Held: 1. Yes, The civil law concept of delay or default commences from the time the obligor demands, judicially or extrajudicially, the fulfillment of the obligation from the obligee. In legal parlance, demand is the assertion of a legal or procedural right. Thus, DPCC became in default on October 29, 2003 when CCP informed it in writing of the breach of the contract agreement and demanded the fulfillment of its obligation against the bonds.
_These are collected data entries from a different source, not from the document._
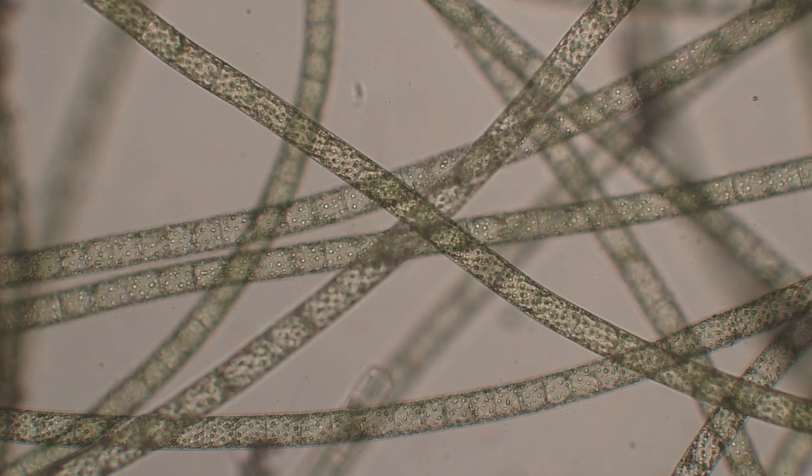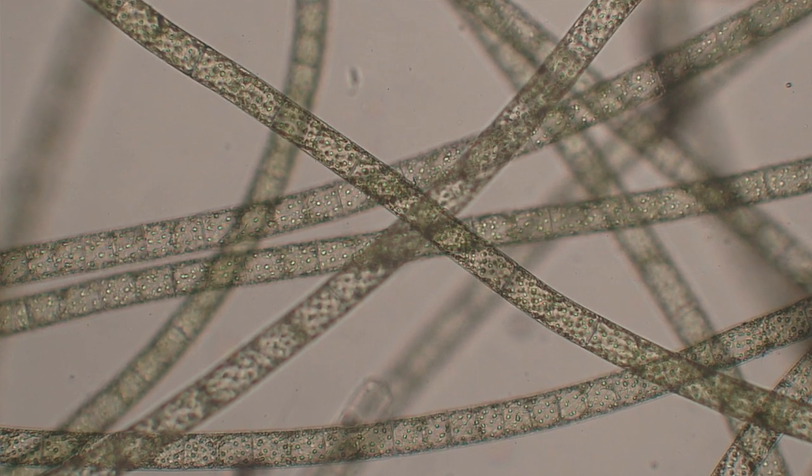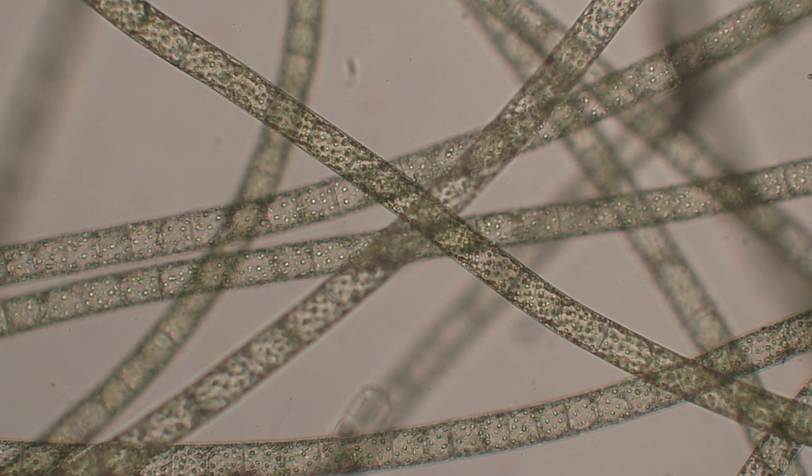This is definitely an alga — it's blanket weed. Sometimes in ponds you get these horrible mats of green filamentous algae that form slimy clumps. People who have ponds often battle against it and spend a lot of money trying to get rid of it. But if we look at it under a microscope, we can see something really rather beautiful — each of these filaments is made up of individual cells stuck together end to end to make a long strand.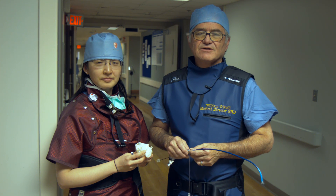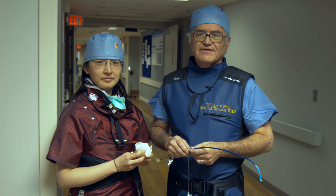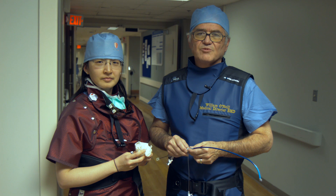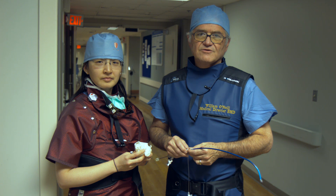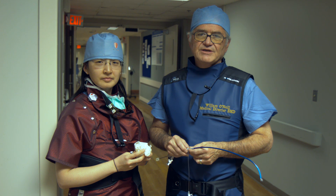This is Dr. Bill O'Neill. I'm the Medical Director for the Center for Structural Heart Disease at Henry Ford Hospital. This afternoon we're going to be demonstrating how to deploy the Watchman device. This is a device used to perform left atrial appendage occlusion as an alternative for patients with anticoagulation who are treated with chronic atrial fibrillation. The left atrial appendage morphology is different from patient to patient.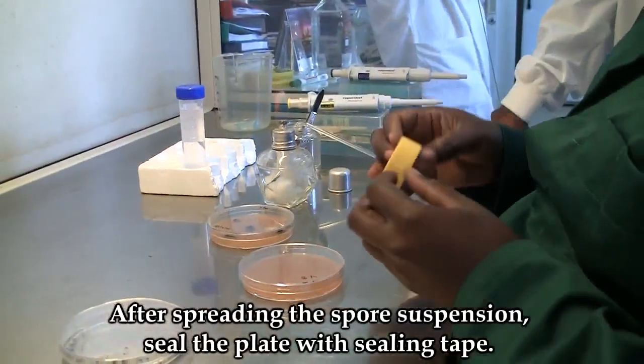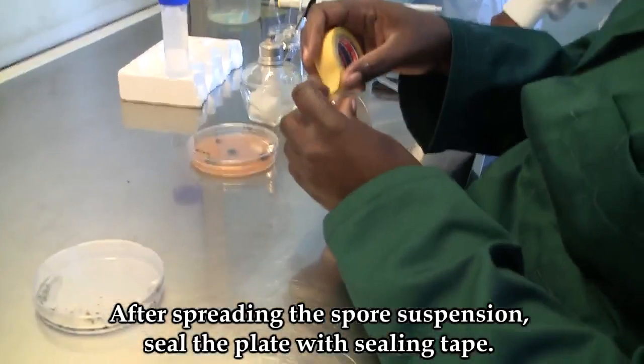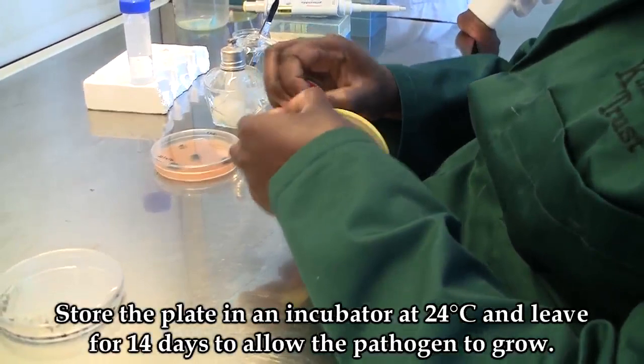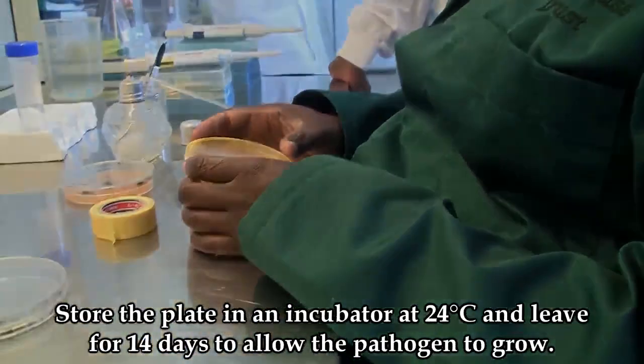After spreading the spore suspension, seal the plate with sealing tape and store it in an incubator at 24 degrees Celsius. Leave for 14 days to allow the pathogen to grow.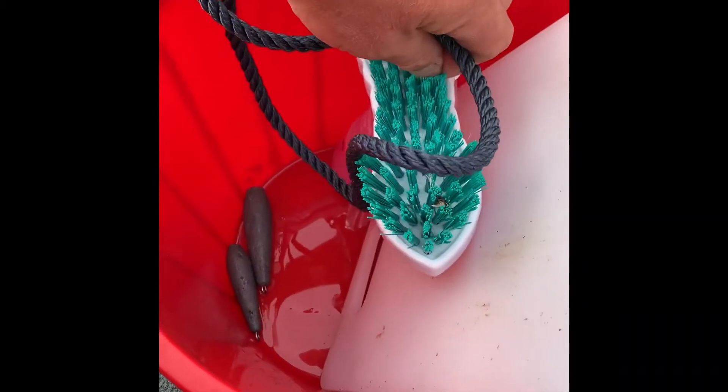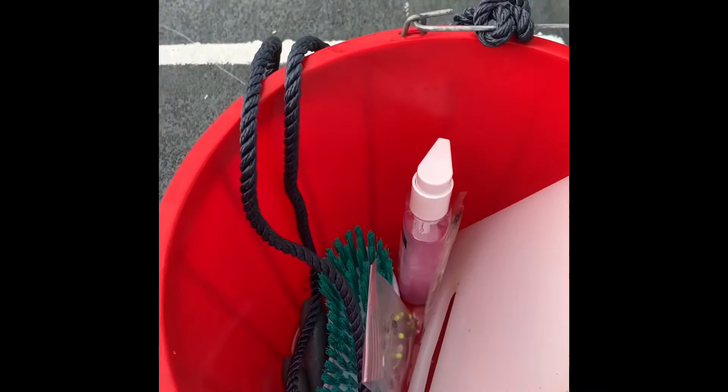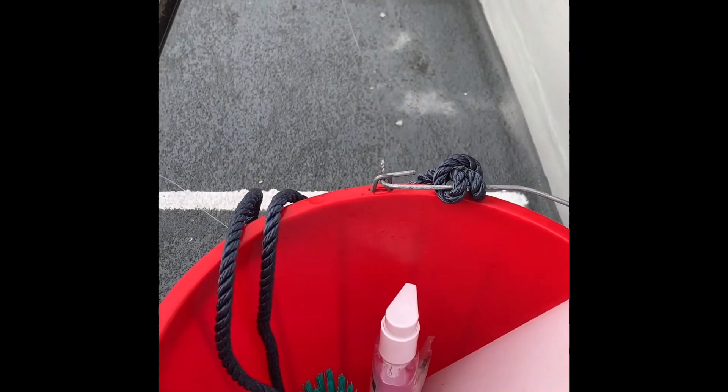Antibacterial wash to keep your hands clean. Let's go and brush clean the boat as you go around. Extra weights, extra rigs — all ready to go, catch some fish.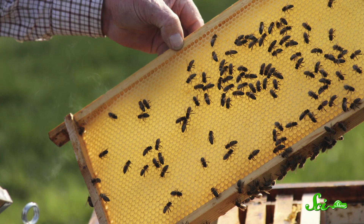Once the extra water's been fanned away and the nectar has ripened into honey, the lady bees seal up those comb cells using a beeswax secretion from their abdomens. When safely sealed away within the comb, honey can basically last forever. Pretty sweet.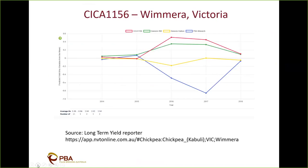Looking at yield performance from the NVT long-term yield reporter — unreleased lines won't be visible until they're released, so I encourage you to go back there in spring. The zero line represents mean environment yield; dots above are higher-yielding. The red line is SIZE 1156 and the green line is Genesis 90. They yield quite similarly, but in more favourable years like 2016 and 2017 there is a slight yield advantage for SIZE 1156. The blue line, PBA Monarch, shows quite a yield penalty where ascochyta is present.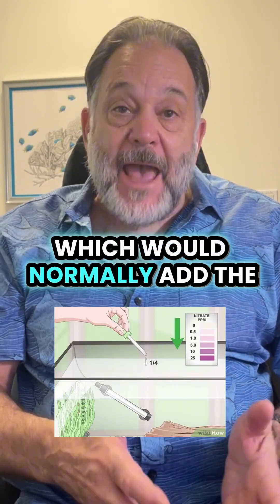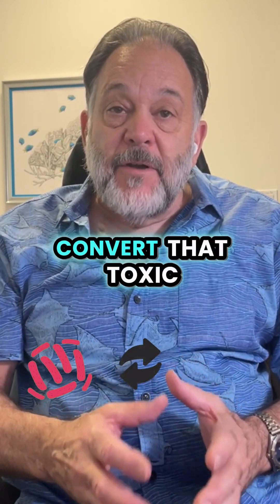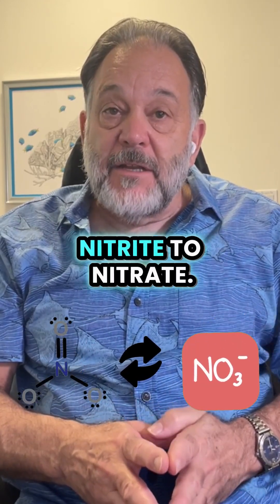These bacteria, which are called nitrifying bacteria, convert that toxic ammonia to nitrite, and then the nitrite to nitrate.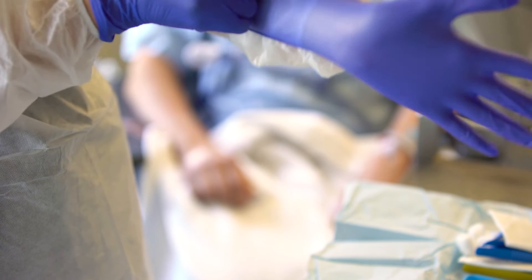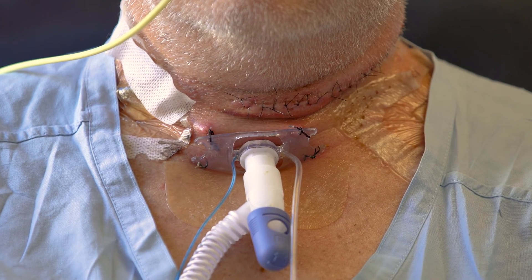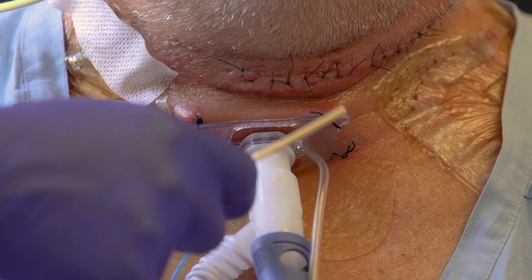Perform hand hygiene and put on PPE. Patients who have had microvascular free flap surgery will have the tracheostomy tube held in place by sutures through the tracheostomy flange, rather than by tapes or ties.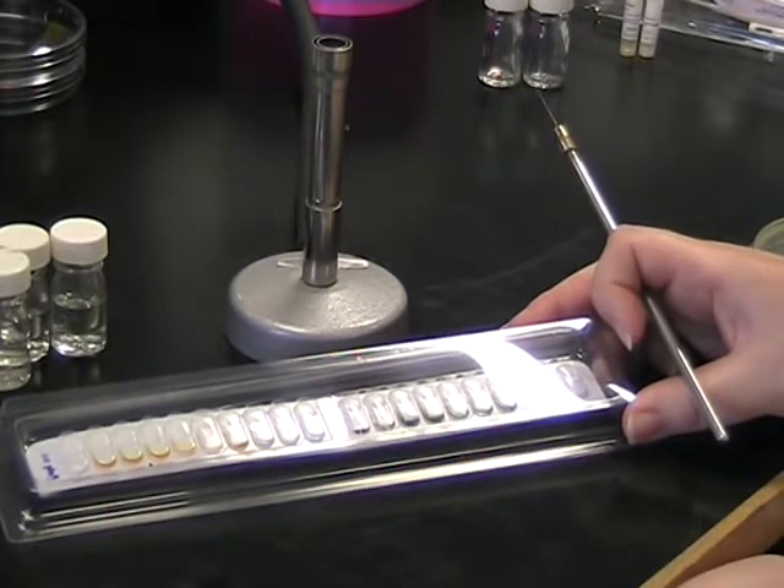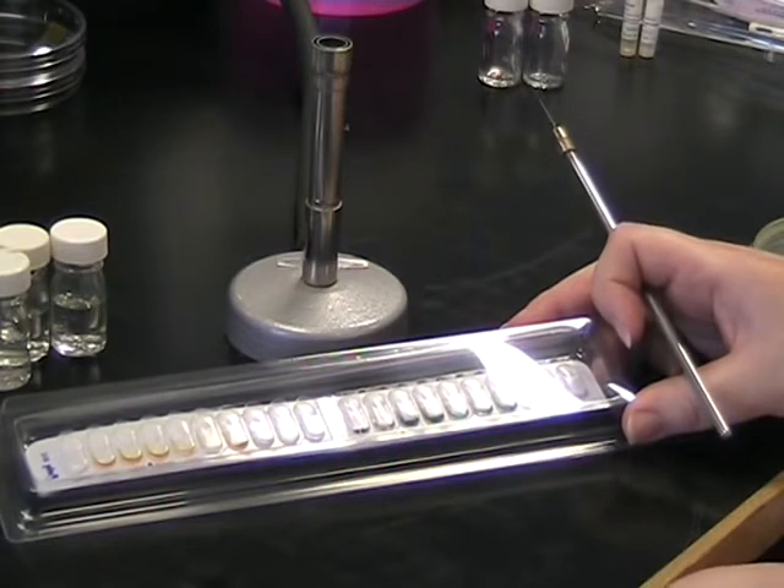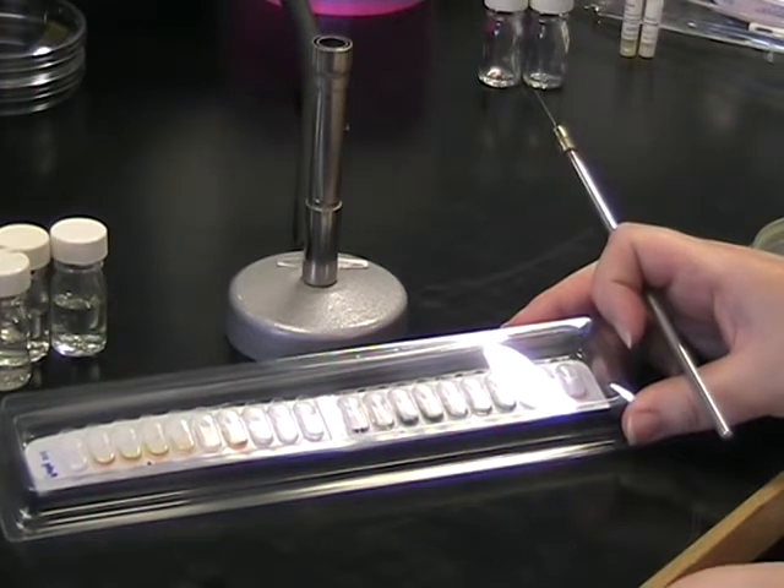I'm going to show you how to set up an API 20E strip to test for Enterobacteriaceae. This consists of a series of cupules which contain the reagents for individual biochemical reactions.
2. Yes. A surety under Article 2047 of the New Civil Code solidarily binds itself with the principal debtor to assure the fulfillment of the obligation. As provided in Article 2047, the surety undertakes to be bound solidarily with the principal obligor. That undertaking makes a surety agreement an ancillary contract as it presupposes the existence of a principal contract. Although the contract of a surety is in essence secondary only to a valid principal obligation, the surety becomes liable for the debt or duty of another although it possesses no direct or personal interest over the obligations nor does it receive any benefit therefrom. The suretys obligation is not an original and direct one for the performance of his own act, but merely accessory or collateral to the obligation contracted by the principal. Nevertheless, although the contract of a surety is in essence secondary only to a valid principal obligation, his liability to the creditor or promisee of the principal is said to be direct, primary and absolute; in other words, he is directly and equally bound with the principal. Suretyship, in essence, contains two types of relationship the principal relationship between the obligee and the obligor , and the accessory surety relationship between the principal and the surety. In this arrangement, the obligee accepts the suretys solidary undertaking to pay if the obligor does not pay. Such acceptance, however, does not change in any material way the obligees relationship with the principal obligor. Neither does it make the surety an active party to the principal obligeeobligor relationship. Thus, the acceptance does not give the surety the right to intervene in the principal contract. The suretys role arises only upon the obligors default, at which time, it can be directly held liable by the obligee for payment as a solidary obligor.